| The Lukha in East Jaintia Hills, which is alleged to be polluted. File picture |
Shillong, July 22: Meghalaya has come under the scanner of the National Green Tribunal (NGT) again, just months after the tribunal had banned “rat-hole” coal mining in the state.
Yesterday, the tribunal’s eastern zone bench, Calcutta, issued notices to Meghalaya chief secretary and the secretaries of the municipal board and health department in relation to the air and water pollution in the state as reported by the Comptroller and Auditor-General (CAG) in its report for March 31, 2011.
The bench comprised Justice P. Jyothimani, judicial member and P.C. Mishra, expert member. The case’s original application is No. 42 (THC)/2014/PB/5/EZ under “Environment Pollution and Health Hazard in the State Vs State of Meghalaya and Others”.
A comprehensive account on pollution control and waste management in the state, which reflected in the CAG report, pointed out that Meghalaya, in general, and Shillong in particular, are no longer clean.
“The ambient air quality of the city, in particular, and the state, in general, is far from satisfactory mainly because of emission of air pollutants from automobiles,” the CAG report said.
Apart from the unsatisfactory air quality, the report also divulged that water was found to be “unfit for drinking” in 28 of 31 water bodies of six districts in the state.
The then Shillong bench of Gauhati High Court had taken suo moto action on the report in March 2012. The case was subsequently transferred to the tribunal.
In its order yesterday, the tribunal stated that one of the respondents to the case had filed its reply along with the reports of water quality and air quality for the year 2012-13 and upto March 2014.
“However, he has not chosen to state the number of industries, which are situated in Meghalaya, number of red category industries discharging wastewater into water bodies and air emission causing pollution, apart from the steps taken by the Meghalaya State Pollution Control Board against those industries and the consequential compliance,” the tribunal stated.

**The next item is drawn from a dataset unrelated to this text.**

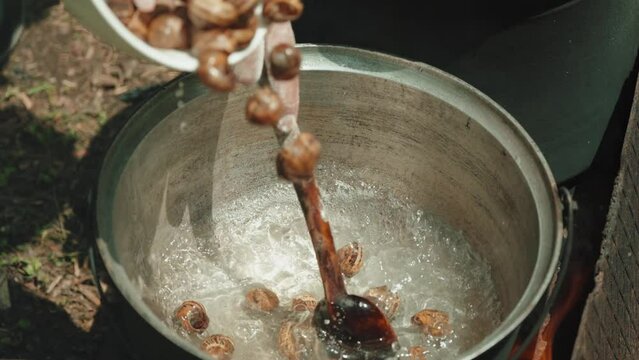 Woman with a spoon mixes empty shells from garden snails in a saucepan, which are cooked for cleaning in boiling water. The process of cooking a gourmet dish. French cuisine. Close-up. 
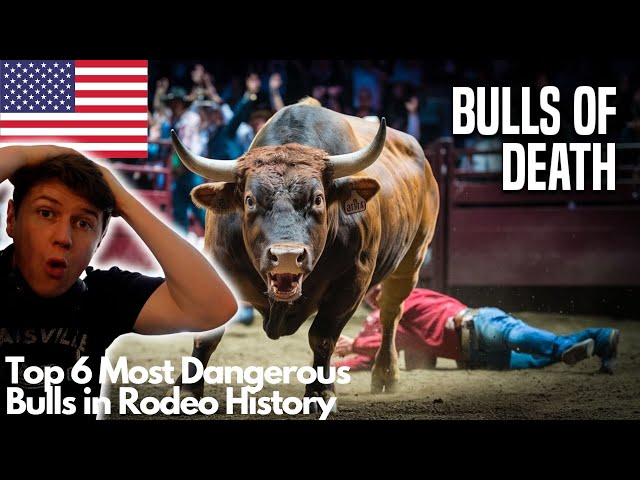 IRISH GUY REACTS To Top 6 Most Dangerous Bulls in Rodeo History – iTV.ie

Moreover, the tribunal stated that there was no report on the status of sewage treatment facilities available in the urban centres to treat waste water discharged by municipalities. “For the present, we restrict in relation to the industries situated in the urban areas and in respect to air and water pollution.”
The Meghalaya chief secretary, P.B.O. Warjri, was asked by the tribunal to depute one of the officials on the next date of hearing failing which “coercive action” would be taken.
Further, the Meghalaya State Pollution Control Board was asked to file its latest status report on August 26, the next date of the hearing.
The CAG had come down heavily on the pollution control board for its inability to conduct regular monitoring of water bodies.
The report had mentioned that the lack of waste processing facilities in four municipal boards or scientific landfills in all the six municipal boards resulted in open dumping of mixed waste that could lead to environmental pollution.
In violation of the Biomedical Waste (Management and Handling) Rules, 139 of 178 health institutions in the state were functioning without authorisation from the board, the report said. It also said the board had failed to ensure segregation, labelling, colour coding and disposal of biomedical waste in accordance with prescribed rules.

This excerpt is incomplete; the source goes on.